The Second World War put stop to the building, but it started up again in the 1950s and 1960s, as farmlands, owned by the former CAVES’ tenant farmers, were sold off piecemeal to property developers, when farming ceased to be profitable as it had been during the war, and when there was a growing demand for homes for employees in the aircraft industry at nearby Filton. The Quakers’ Burial Ground in Bromley Heath, which was created in 1657, and had over 750 interments, disappeared in the housing development. Today there are no working farms left in Downend and even the homesteads for Downend Farm and Lincombe Farm have disappeared. Over in the Blackhorse area, Blackhorse Farm and its farmhouse have gone, though one of the former farm buildings has been converted into a dwelling house and stands on the Westerleigh Road near The Huntsman pub. Mangotsfield village expanded as well; the new building there included the Charnhill development on part of the CAVES’ Rodway Hill estate. In the 1990s, the hamlet of Emerson’s Green, Lyde Green and Wick Wick became the latest suburbs, the latter of which was in the detached part of the parish of Frampton Cotterell and anciently belonged to the family of the Wickwicks.

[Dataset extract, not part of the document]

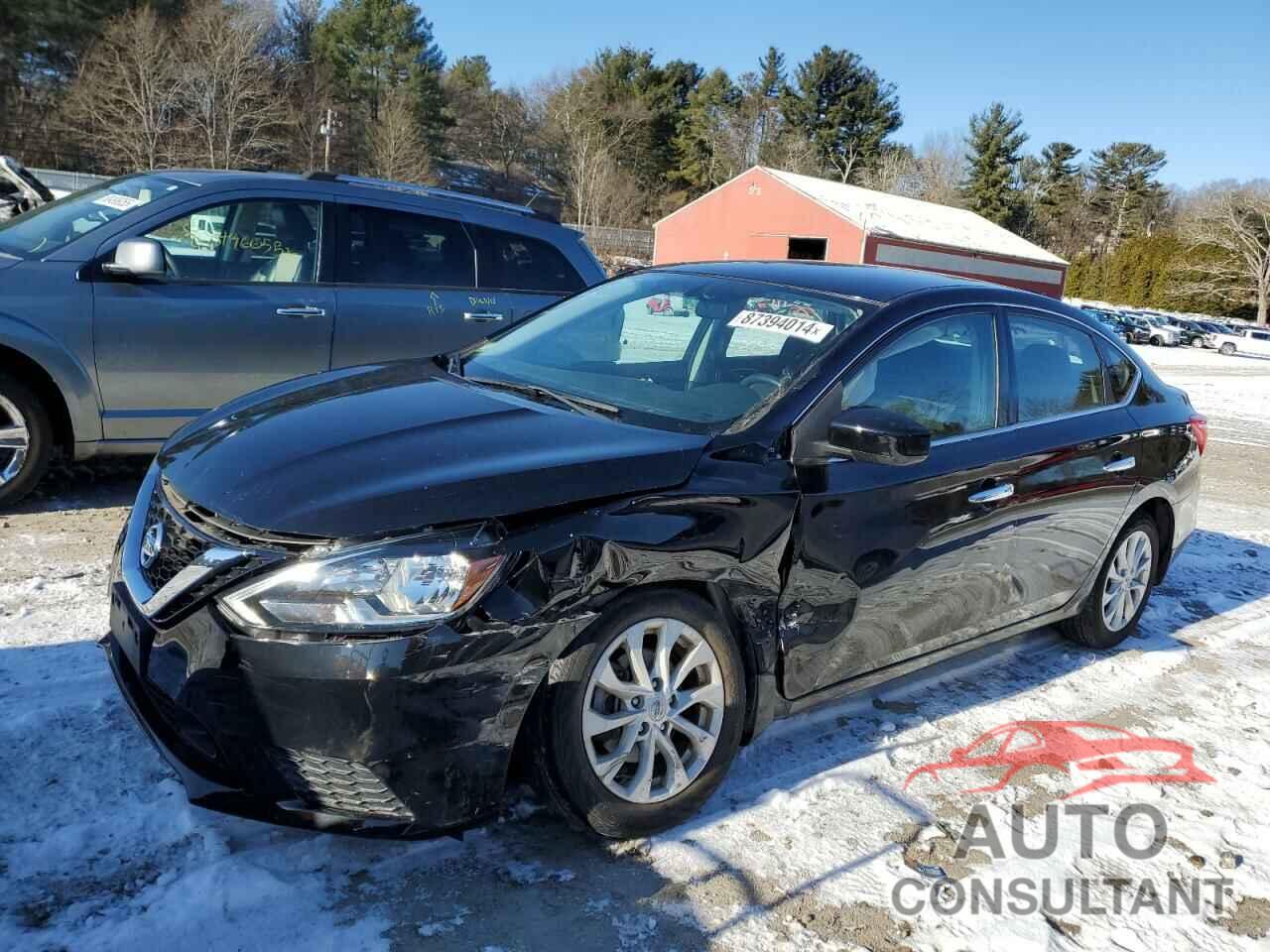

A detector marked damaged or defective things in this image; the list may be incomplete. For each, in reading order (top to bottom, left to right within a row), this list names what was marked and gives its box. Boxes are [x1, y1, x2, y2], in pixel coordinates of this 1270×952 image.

damaged black car [101, 262, 1199, 842]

As the parish lost its rural character it failed to attract residents who had the means to maintain the large residential properties that had been built here. In consequence, houses ceased to be family homes: The Chestnuts (the second home of the GRACE family), Cleve Dale, Overnhill (now the site of the Mormon church), Overnhurst, The Grange and Pendennis were demolished; Cleeve Wood, Hill House and Mangotsfield House were converted to apartments; and Cleeve Hill Farm and Rodway Hill House (now known as Rodway Manor House) were divided to at least two dwellings.
As industries in Staple Hill began to decline, its growth to halt, and like Mangotsfield village, it lost its railway station with the Beeching cuts of 1966. But shops which opened up along Broad Street and High Street in the 19th century still provide Downend, Mangotsfield and Soundwell residents with their best local shopping. Only the shop fronts have changed. The old lanes of cottages, like Tyler’s Lane or Pratten’s Lane are long gone, and blocks of flats and modern bungalows are in their place. The former Regal cinema, the only picture house in the parish, became a bingo hall, and is now a Christian Fellowship hall. A swimming pool and a college were built in the 1960s in Soundwell.

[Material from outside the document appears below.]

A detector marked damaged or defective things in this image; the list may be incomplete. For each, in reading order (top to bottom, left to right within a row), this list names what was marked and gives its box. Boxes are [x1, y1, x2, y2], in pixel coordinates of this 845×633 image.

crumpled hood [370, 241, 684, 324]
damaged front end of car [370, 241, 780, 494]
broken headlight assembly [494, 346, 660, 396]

In the northern extreme of the parish, behind the new Avon Ring Road and M4 motorway built in the 1960s, here is the only remaining rural part including the hamlets of Bury Hill and Moorend, next to the River Frome, which is on the parish boundary. In Bury Hill, there is a 7½-acre Iron Age fort and a Mission Room (now a private house), which was originally built in 1867 for Anglicans use until 1915, and afterwards was used for nonconformist services. Moorend has a few numbers of houses including Marigold Court (where aforementioned Jonathan TUCKER lived, who was the donor of the peal of bells and clock to Mangotsfield church in 1687) and Moorend Farm, which is now the only working farm in the parish.
A tragedy occurred in the parish; it was in 1957, the woods opposite Lincombe Barn, in Overndale Road, were the scene of an air disaster when a Britannia aircraft, on test from Filton, crashed with the loss of 15 lives. The barn was part of Lincombe Farm (now demolished) until the 1920s when it became a dwelling house. It was converted to its present community use in 1970 as Downend Folk House, where the Downend Local History Society holds its meetings. The society publishes various books on the parish history and also has re-printed Rev. Arthur Emlyn-Jones’ book “Our Parish: Mangotsfield and Downend” first published in 1899. The society has its website – www.downendlhs.org.uk [Aug22: not currently available]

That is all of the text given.